DavidMacinnisGill said:


> Besides, no one pronounces the G at the end of -ing words.


I have to disagree. Sure sometimes I say somethin' versus something, things like that. But it's not one way or the other. People say 'doing' all the way out... I think it all depends on the speed of how the word is delivered. I would probably say, "what are you doin'?" if I were speaking fast. But, If I were upset about something, it could come out as, "What are you _doing_?" And I'd hear the 'ing sound...


----------



## Guest (Apr 9, 2014)

GaryCecil said:


> Just so I'm clear: I, in no-way-shape-or-form, am identifying the character's race/color from the way he talks. Ghetto is simply a term.

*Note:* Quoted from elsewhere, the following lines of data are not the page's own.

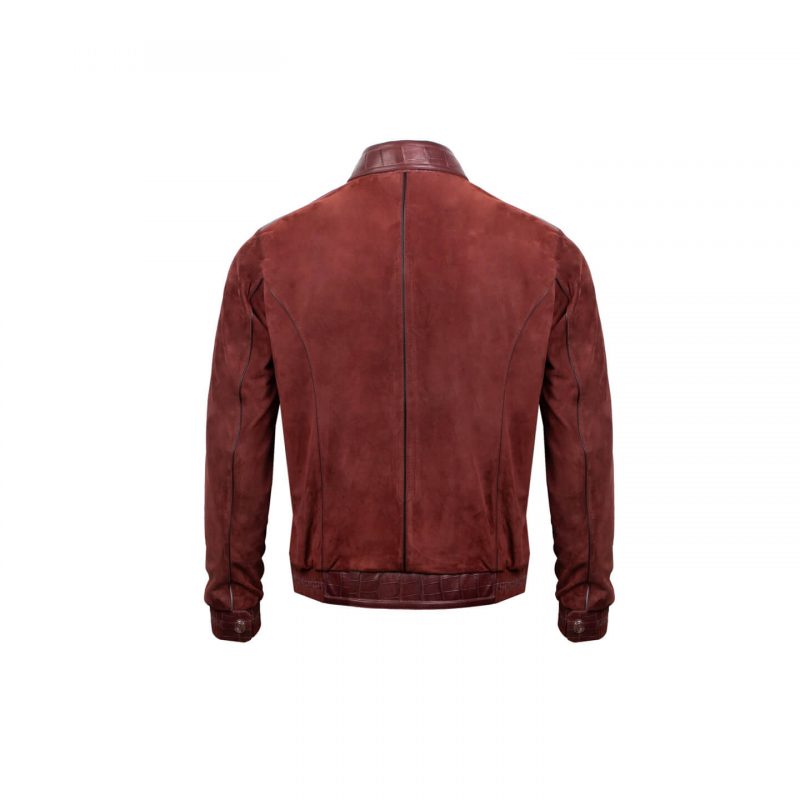 Bordeaux crocodile leather jacket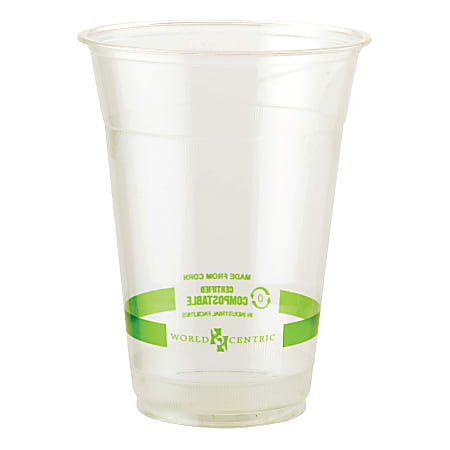 World Centric Cold Cups, 20 Oz, Clear, Carton Of 1,000 Cups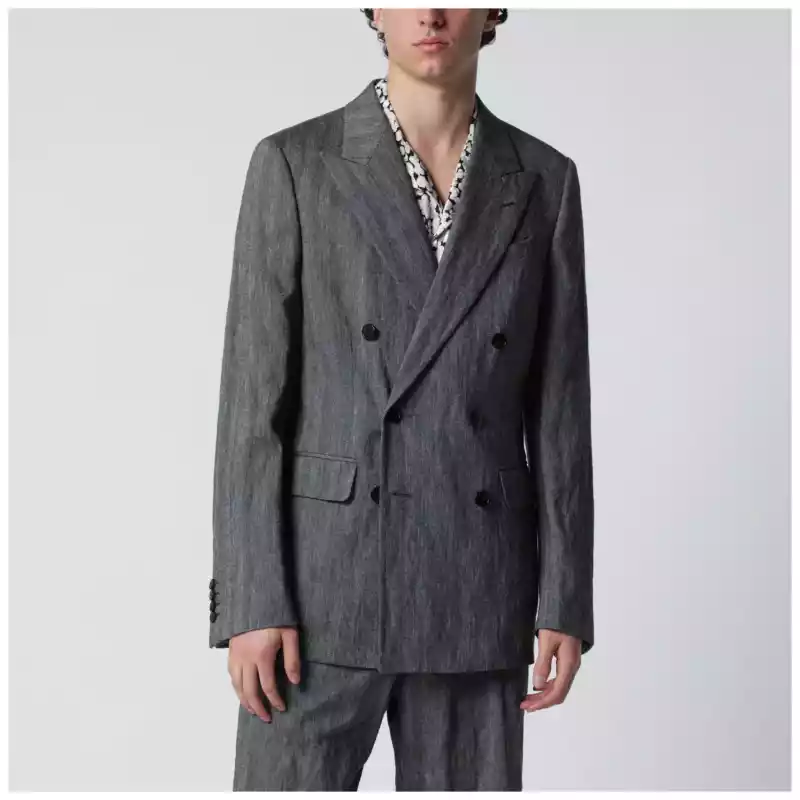Dries Van Noten Black herringbone double-breasted jacket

Ghetto is not simply a term any more than N***** is simply a term. It has a huge, sociological amount of baggage attached to it in modern culture and is fundamentally associated with urban African American life. If you aren't making that connection, you are being disingenuous with the character. If you are going to write about urban characters, you have to have the backbone to take ownership of that, acknowledge you are doing it, and then try to be authentic. And you can't be authentic by trying to hide behind "ghetto is simply a term."

That said, dialogue is never about being "technically correct." Technically correct dialogue in the real world is BORING. Think about how people actually talk to each other. Go somewhere like a mall and just sit in the food court and spend an hour listening to how people communicate. The average conversation is BORING and filled with empty words and filler sounds. The purpose of dialogue in a fictional work is not to be "technically correct." It is to move the plot forward and help define the characters.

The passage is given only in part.